At Brandt Gallery in Amsterdam, you can currently see a solo show by Bosnian artist Radenko Milak (until 5 July). Milak is known for his black-and-white watercolours, oil paintings, drawings and animated films. While much of his work has focused on major geopolitical events, the artist now presents a new series of watercolours, depicting people in and around the buildings we inhabit and the public spaces we share. We see figures caught in reflection, between glass and sky, in scenes that suggest more than they reveal. Milak seeks, above all, to capture a specific mood. At times, the location is mentioned in the title, at other moments the image remains more elusive. The works were partly created during a residency at the DC Foundation in Miami.
The exhibition highlights Milak’s recent exploration of the spherical form, a symbol of infinity, reflection and technological advancement. In some works, figures gaze at themselves in mirrored surfaces, suspended in moments of introspection. This fascination with technology is closely tied to his broader interest in how images act as carriers of collective memory, political power and cultural transformation. While much of Milak’s earlier work was based on found imagery, this exhibition marks a shift towards a more inward-looking approach.
Because many of Milak’s detailed and often monochromatic works are based on images drawn from newspapers, postcards, documentary photography, old films, propaganda archives and the internet. He works from the conviction that our perception of the world and its history is largely shaped by the relentless flow of images through which we record and interpret what we call reality. The mass media continue to shape our collective memory with images that circulate endlessly and shift in meaning over time. They reveal how we view the world, both then and now. Milak’s approach is both analytical and intuitive. He searches for moments in which history reveals itself in small ways: a gesture, a shadow, a detail easily lost in the pace of the news cycle. He does not necessarily depict the events themselves, but their aftermath, their impact, their echo. In doing so, he connects global political themes to individual vulnerability and to the slowness of memory in an age of fleeting images.

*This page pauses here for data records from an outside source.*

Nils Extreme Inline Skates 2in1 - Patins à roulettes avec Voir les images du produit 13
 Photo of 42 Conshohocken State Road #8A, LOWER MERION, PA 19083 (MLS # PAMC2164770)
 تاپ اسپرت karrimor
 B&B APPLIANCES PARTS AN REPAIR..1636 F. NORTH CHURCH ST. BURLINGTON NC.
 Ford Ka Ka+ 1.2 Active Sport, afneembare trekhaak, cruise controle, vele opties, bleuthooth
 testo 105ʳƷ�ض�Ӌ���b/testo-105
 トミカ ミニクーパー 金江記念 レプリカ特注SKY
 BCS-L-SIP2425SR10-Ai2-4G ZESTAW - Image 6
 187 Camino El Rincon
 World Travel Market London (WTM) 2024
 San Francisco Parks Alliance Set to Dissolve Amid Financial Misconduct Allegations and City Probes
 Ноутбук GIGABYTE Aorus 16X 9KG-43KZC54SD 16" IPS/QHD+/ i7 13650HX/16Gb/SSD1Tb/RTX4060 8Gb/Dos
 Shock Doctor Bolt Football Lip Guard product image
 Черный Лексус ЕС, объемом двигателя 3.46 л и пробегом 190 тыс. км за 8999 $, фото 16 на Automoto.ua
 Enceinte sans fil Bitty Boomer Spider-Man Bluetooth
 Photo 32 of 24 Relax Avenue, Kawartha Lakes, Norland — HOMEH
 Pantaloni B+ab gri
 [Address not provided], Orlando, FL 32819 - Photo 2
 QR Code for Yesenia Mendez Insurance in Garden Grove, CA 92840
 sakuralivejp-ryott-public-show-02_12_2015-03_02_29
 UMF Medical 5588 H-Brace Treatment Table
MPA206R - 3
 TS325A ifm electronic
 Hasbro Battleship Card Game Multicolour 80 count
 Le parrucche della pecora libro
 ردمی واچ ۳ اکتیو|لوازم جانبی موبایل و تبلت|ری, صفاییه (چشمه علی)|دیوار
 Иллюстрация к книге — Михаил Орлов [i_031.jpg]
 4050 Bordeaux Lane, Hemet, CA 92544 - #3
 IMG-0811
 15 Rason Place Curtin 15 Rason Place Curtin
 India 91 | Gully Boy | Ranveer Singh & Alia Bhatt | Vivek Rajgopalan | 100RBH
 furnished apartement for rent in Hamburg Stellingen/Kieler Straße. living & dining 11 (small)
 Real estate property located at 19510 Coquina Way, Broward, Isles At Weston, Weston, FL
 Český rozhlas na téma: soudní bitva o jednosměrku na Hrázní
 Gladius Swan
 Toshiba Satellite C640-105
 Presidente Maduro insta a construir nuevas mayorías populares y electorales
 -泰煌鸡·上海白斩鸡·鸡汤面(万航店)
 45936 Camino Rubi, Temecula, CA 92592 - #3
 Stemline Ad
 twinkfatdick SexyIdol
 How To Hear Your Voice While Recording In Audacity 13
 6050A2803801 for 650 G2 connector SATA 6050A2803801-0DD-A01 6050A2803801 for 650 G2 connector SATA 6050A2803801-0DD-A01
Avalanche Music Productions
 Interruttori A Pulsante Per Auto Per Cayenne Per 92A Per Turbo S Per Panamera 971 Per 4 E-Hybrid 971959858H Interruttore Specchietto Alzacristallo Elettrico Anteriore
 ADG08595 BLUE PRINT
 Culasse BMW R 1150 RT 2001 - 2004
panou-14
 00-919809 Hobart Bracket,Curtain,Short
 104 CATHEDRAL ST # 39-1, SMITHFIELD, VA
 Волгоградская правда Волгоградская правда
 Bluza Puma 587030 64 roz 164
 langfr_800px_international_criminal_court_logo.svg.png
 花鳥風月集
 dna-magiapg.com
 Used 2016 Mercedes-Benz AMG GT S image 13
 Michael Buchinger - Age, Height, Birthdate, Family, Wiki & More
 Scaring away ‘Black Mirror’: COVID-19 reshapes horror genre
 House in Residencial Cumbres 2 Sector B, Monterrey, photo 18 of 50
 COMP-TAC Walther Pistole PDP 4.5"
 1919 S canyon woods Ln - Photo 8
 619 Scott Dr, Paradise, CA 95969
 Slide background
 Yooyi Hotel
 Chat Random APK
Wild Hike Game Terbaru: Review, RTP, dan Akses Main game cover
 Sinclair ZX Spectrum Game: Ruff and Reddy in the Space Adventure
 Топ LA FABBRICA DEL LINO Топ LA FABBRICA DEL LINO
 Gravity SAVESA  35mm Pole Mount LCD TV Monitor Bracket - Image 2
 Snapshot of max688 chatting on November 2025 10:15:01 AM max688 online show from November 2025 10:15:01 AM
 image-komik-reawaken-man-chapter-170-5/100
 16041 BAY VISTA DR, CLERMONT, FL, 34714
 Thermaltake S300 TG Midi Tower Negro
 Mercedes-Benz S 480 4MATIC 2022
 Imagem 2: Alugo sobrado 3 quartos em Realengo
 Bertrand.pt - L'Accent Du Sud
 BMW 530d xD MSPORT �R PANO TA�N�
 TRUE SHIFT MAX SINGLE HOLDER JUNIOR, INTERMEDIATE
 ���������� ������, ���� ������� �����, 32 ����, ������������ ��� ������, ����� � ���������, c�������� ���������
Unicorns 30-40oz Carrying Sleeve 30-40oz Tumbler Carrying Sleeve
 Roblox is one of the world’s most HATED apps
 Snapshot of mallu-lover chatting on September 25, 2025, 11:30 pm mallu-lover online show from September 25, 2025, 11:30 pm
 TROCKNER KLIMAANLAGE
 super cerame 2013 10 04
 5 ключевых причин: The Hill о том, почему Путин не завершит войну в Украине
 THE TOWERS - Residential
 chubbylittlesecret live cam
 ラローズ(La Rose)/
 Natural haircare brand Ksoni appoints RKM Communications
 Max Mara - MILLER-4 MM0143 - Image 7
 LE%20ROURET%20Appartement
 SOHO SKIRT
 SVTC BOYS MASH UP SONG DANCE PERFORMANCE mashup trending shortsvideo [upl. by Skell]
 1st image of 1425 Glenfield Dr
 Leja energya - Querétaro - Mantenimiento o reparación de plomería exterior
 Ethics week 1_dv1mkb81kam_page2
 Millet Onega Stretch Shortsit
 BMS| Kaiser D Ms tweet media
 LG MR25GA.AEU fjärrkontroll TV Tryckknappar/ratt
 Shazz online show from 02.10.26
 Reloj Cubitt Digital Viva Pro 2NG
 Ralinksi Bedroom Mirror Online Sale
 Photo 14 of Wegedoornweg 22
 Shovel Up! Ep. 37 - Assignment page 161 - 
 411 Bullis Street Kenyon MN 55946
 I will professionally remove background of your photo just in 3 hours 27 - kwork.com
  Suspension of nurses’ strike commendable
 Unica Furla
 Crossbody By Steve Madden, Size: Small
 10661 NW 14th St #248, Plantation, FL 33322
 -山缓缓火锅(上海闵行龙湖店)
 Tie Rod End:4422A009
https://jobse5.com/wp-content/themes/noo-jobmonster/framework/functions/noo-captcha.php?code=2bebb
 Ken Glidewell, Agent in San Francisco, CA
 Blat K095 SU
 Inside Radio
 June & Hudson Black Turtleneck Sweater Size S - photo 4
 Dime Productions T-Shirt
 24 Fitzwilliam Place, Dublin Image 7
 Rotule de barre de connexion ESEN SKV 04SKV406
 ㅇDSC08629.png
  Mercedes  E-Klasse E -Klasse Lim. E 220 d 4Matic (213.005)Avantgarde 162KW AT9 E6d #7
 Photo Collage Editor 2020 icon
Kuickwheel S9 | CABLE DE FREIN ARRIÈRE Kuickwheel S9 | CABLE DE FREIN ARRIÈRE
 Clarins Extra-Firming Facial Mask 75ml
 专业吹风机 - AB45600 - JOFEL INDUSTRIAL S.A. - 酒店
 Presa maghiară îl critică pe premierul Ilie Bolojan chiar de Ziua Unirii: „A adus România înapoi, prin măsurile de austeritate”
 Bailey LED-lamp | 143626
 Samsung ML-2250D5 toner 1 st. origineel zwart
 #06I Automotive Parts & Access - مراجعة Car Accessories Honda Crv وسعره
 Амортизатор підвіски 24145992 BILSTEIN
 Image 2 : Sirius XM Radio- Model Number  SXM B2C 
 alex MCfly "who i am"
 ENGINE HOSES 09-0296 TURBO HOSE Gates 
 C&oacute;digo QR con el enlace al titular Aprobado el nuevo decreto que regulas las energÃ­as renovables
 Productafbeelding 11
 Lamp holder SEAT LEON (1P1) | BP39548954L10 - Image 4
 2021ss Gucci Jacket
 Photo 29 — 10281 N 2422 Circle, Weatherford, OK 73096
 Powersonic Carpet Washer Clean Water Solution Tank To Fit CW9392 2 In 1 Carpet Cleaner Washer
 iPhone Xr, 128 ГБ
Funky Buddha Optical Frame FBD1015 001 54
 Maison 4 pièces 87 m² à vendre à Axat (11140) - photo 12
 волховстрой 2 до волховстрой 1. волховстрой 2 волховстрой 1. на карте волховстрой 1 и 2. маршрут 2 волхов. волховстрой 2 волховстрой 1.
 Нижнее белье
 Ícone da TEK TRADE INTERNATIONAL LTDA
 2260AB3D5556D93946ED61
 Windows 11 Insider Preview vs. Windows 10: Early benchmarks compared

Milak: “For me, the role, the nature of the image today is crucial, especially in the era of digital revolution, also I am very interested to understand the status of image today as a political fact. To use them and to construct them as new versions of stories. This relationship has become even more important with the expansion of social networks and new information technologies. I’ve placed at the heart of my activity as a painter the question of what a painting could be at the age of the digital time and continuous accessibility to images.”
History, memory, imagination and the influence of modern technology are recurring themes throughout the artist’s practice. In earlier works, he drew inspiration from post-war trauma, historic disasters, climate issues and the visual documentation of political conflict.
Milak’s method is slow, meticulous and layered: he translates imagery into black pigment on white paper. These are not reproductions but reinterpretations. By shifting the photograph from its original context into paint, he interrupts the flow of image consumption and opens up space for doubt, reflection and re-reading. The result is a series of enigmatic images that nonetheless feel strangely familiar. From a distance, Milak’s black-and-white works appear photographic, but a closer look reveals the unmistakable hand of the painter. In doing so, he plays with the tension between the objective and the subjective, questioning the widely held belief that photography captures reality — a notion long since dismantled.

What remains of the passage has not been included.